*** Opening of Data excerpts ***
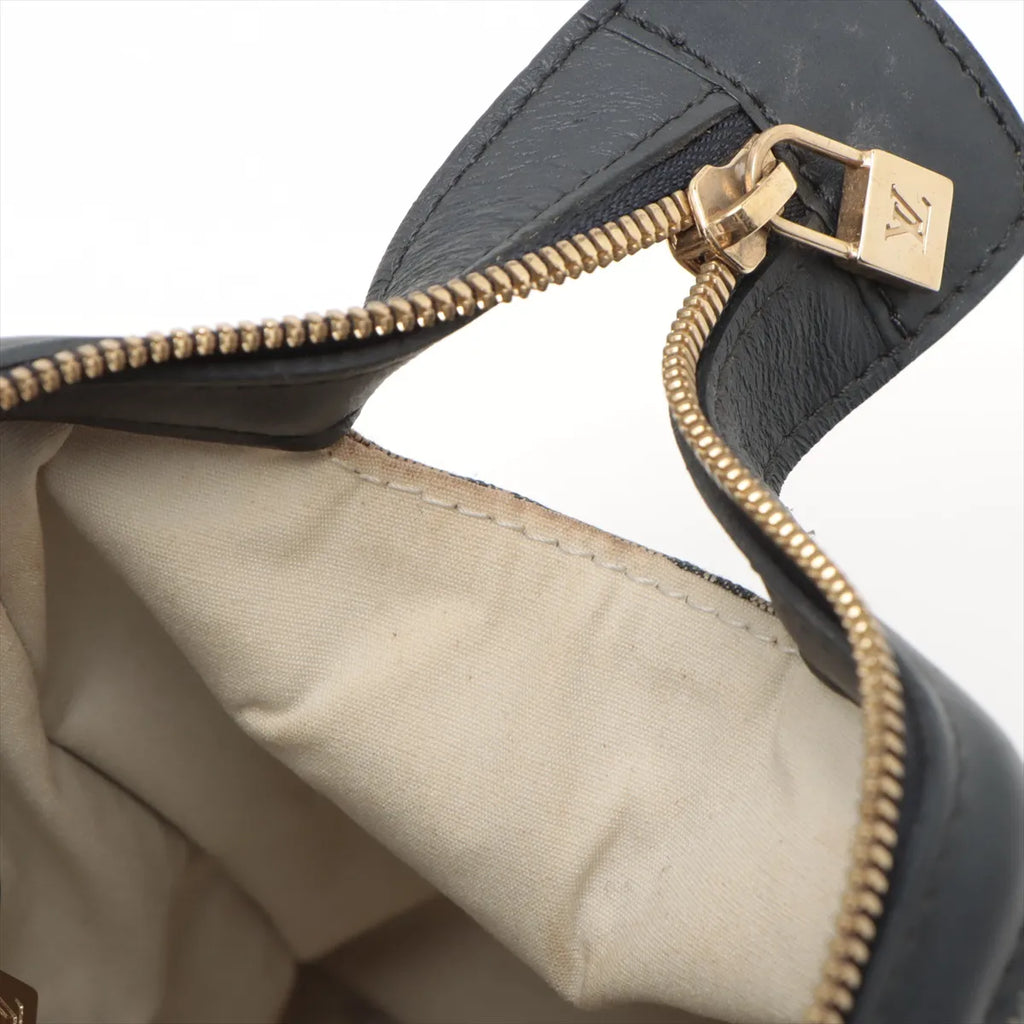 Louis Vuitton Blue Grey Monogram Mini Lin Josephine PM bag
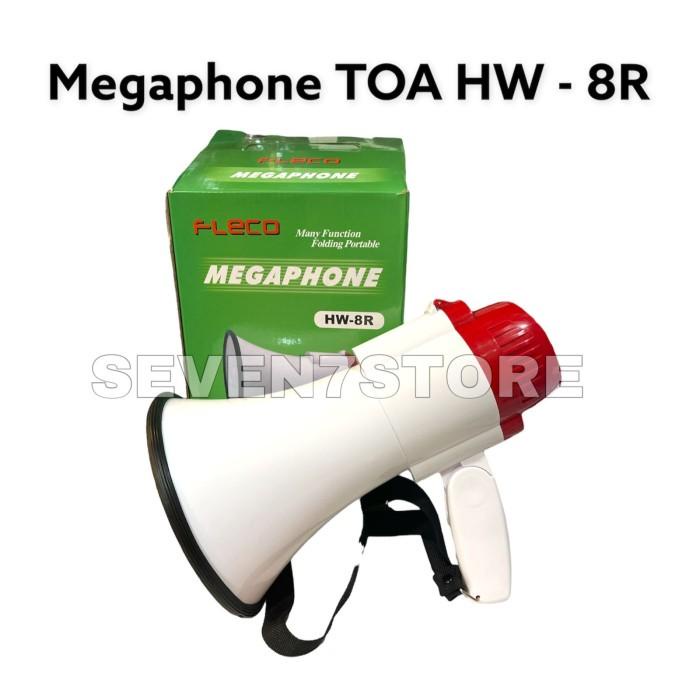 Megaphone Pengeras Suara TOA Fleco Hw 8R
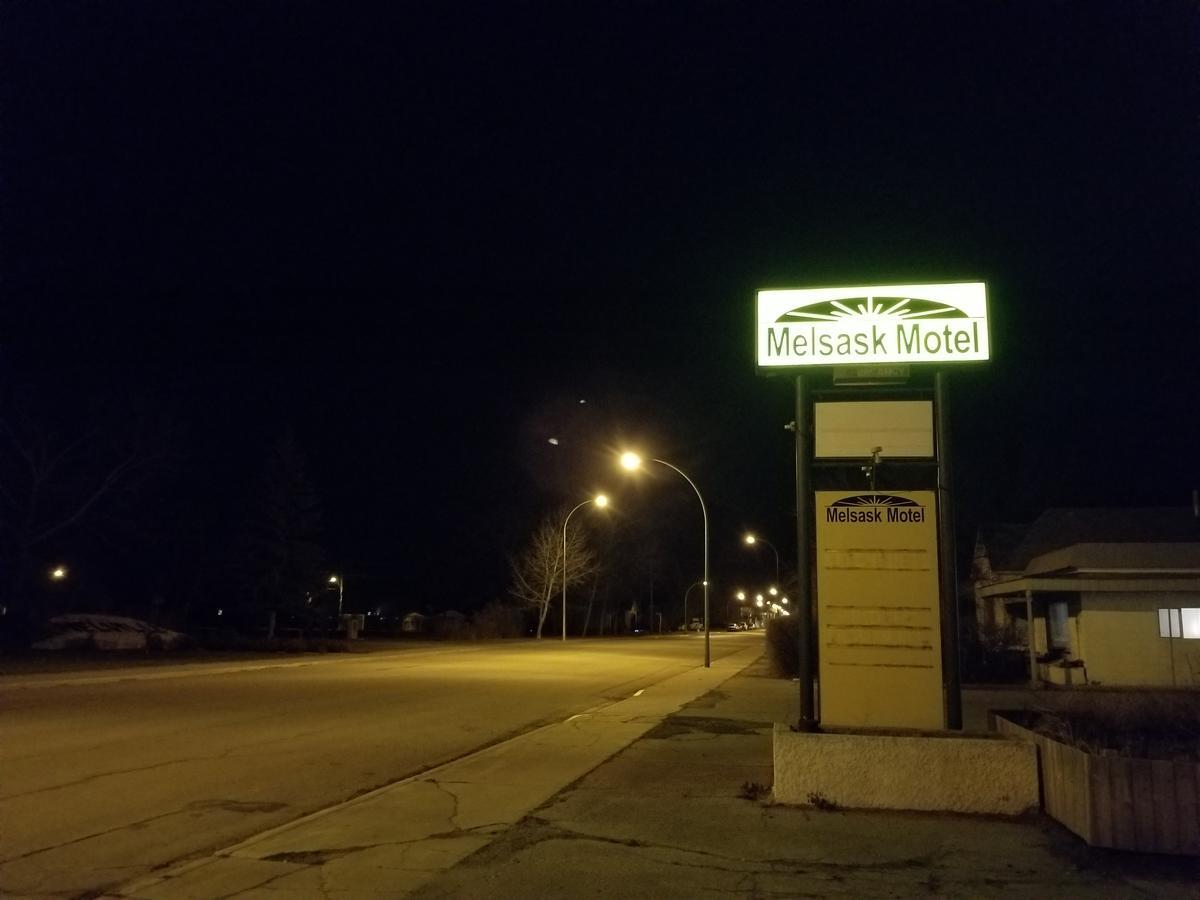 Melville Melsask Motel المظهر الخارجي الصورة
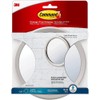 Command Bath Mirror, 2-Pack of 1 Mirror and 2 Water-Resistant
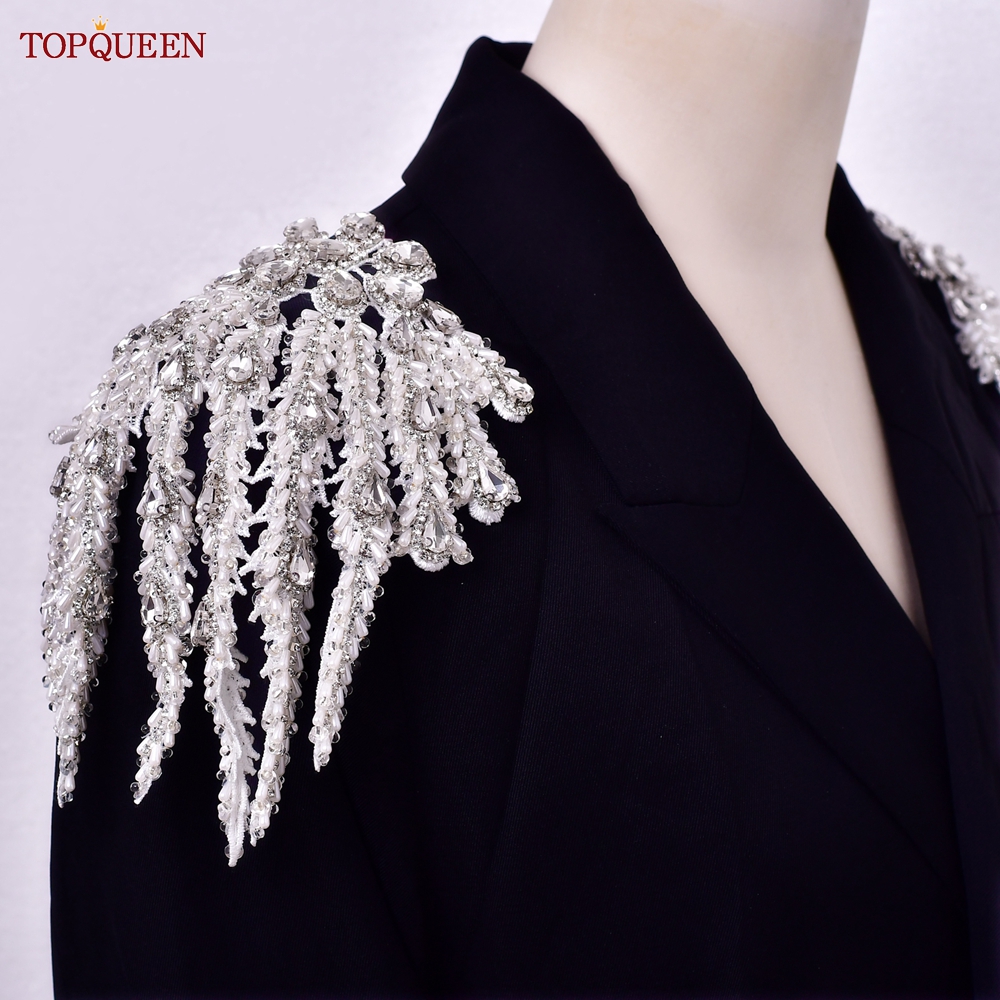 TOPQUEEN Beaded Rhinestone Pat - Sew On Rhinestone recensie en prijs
*** Close of Data excerpts ***
Activity - Because pictures are not wanted, give every entry above again exactly without them.

Solution to the exercise -
 Louis Vuitton Blue Grey Monogram Mini Lin Josephine PM bag
 Megaphone Pengeras Suara TOA Fleco Hw 8R
 Melville Melsask Motel المظهر الخارجي الصورة
 Command Bath Mirror, 2-Pack of 1 Mirror and 2 Water-Resistant
 TOPQUEEN Beaded Rhinestone Pat - Sew On Rhinestone recensie en prijs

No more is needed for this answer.